Open agolo-alan-hogue opened 1 year ago
I learned that this is a change in numpy 1.24, so I tried downgrading it (instead of editing things as above), which yields an apparently unrelated error:
root@dbf92a2ec323:/GENRE# pip install --upgrade numpy==1.23.5
Collecting numpy==1.23.5
Downloading numpy-1.23.5-cp38-cp38-manylinux_2_17_aarch64.manylinux2014_aarch64.whl (14.0 MB)
━━━━━━━━━━━━━━━━━━━━━━━━━━━━━━━━━━━━━━━━ 14.0/14.0 MB 68.0 MB/s eta 0:00:00
Installing collected packages: numpy
Attempting uninstall: numpy
Found existing installation: numpy 1.24.4
Uninstalling numpy-1.24.4:
Successfully uninstalled numpy-1.24.4
Successfully installed numpy-1.23.5
WARNING: Running pip as the 'root' user can result in broken permissions and conflicting behaviour with the system package manager. It is recommended to use a virtual environment instead: https://pip.pypa.io/warnings/venv
[notice] A new release of pip is available: 23.0.1 -> 23.3.1
[notice] To update, run: pip install --upgrade pip
root@dbf92a2ec323:/GENRE# pip show numpy
Name: numpy
Version: 1.23.5
Summary: NumPy is the fundamental package for array computing with Python.

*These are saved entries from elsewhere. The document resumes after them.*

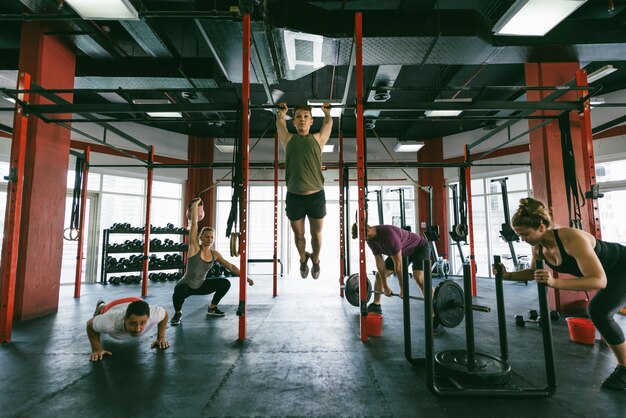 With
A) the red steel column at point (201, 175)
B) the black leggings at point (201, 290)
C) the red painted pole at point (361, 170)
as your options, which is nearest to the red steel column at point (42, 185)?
the black leggings at point (201, 290)

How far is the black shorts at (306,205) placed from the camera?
10.4 feet

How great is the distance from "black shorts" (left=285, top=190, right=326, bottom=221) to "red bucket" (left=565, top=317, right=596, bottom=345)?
2.58 metres

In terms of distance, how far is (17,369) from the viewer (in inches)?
93.3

Home-page: https://www.numpy.org
Author: Travis E. Oliphant et al.
Author-email:
License: BSD
Location: /usr/local/lib/python3.8/site-packages
Requires:
Required-by: blis, fairseq, sacrebleu, spacy, thinc
root@dbf92a2ec323:/GENRE# python3 main.py --yago -i example_article.jsonl \
-o out.jsonl --split_iter --mention_trie data/mention_trie.pkl \
--mention_to_candidates_dict data/mention_to_candidates_dict.pkl
Traceback (most recent call last):
File "main.py", line 3, in <module>
from model import Model
File "/GENRE/model.py", line 6, in <module>
from genre.fairseq_model import GENRE
File "/GENRE/genre/fairseq_model.py", line 15, in <module>
from fairseq.models.bart import BARTHubInterface, BARTModel
File "/GENRE/fairseq/fairseq/models/__init__.py", line 208, in <module>
module = importlib.import_module("fairseq.models." + model_name)
File "/usr/local/lib/python3.8/importlib/__init__.py", line 127, in import_module
return _bootstrap._gcd_import(name[level:], package, level)

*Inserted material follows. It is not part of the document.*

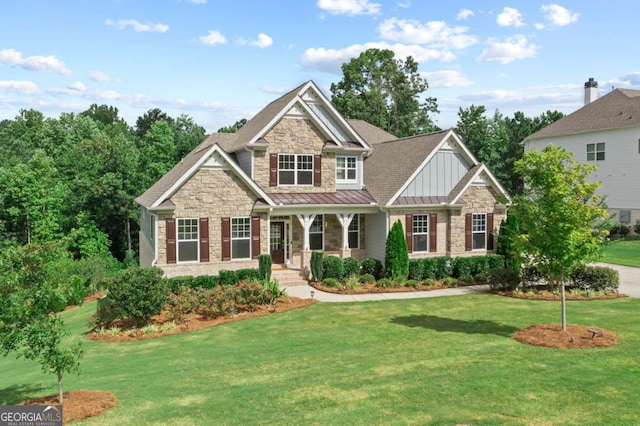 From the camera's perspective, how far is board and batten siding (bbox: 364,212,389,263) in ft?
79.9

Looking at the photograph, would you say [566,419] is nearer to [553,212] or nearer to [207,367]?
[553,212]

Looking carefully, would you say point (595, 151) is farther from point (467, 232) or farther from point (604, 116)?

File "/GENRE/fairseq/fairseq/models/wav2vec/__init__.py", line 6, in <module>
from .wav2vec import * # noqa
File "/GENRE/fairseq/fairseq/models/wav2vec/wav2vec.py", line 25, in <module>
from fairseq.tasks import FairseqTask
File "/GENRE/fairseq/fairseq/tasks/__init__.py", line 15, in <module>
from .fairseq_task import FairseqTask, LegacyFairseqTask # noqa
File "/GENRE/fairseq/fairseq/tasks/fairseq_task.py", line 13, in <module>
from fairseq import metrics, search, tokenizer, utils
ImportError: cannot import name 'metrics' from 'fairseq' (unknown location)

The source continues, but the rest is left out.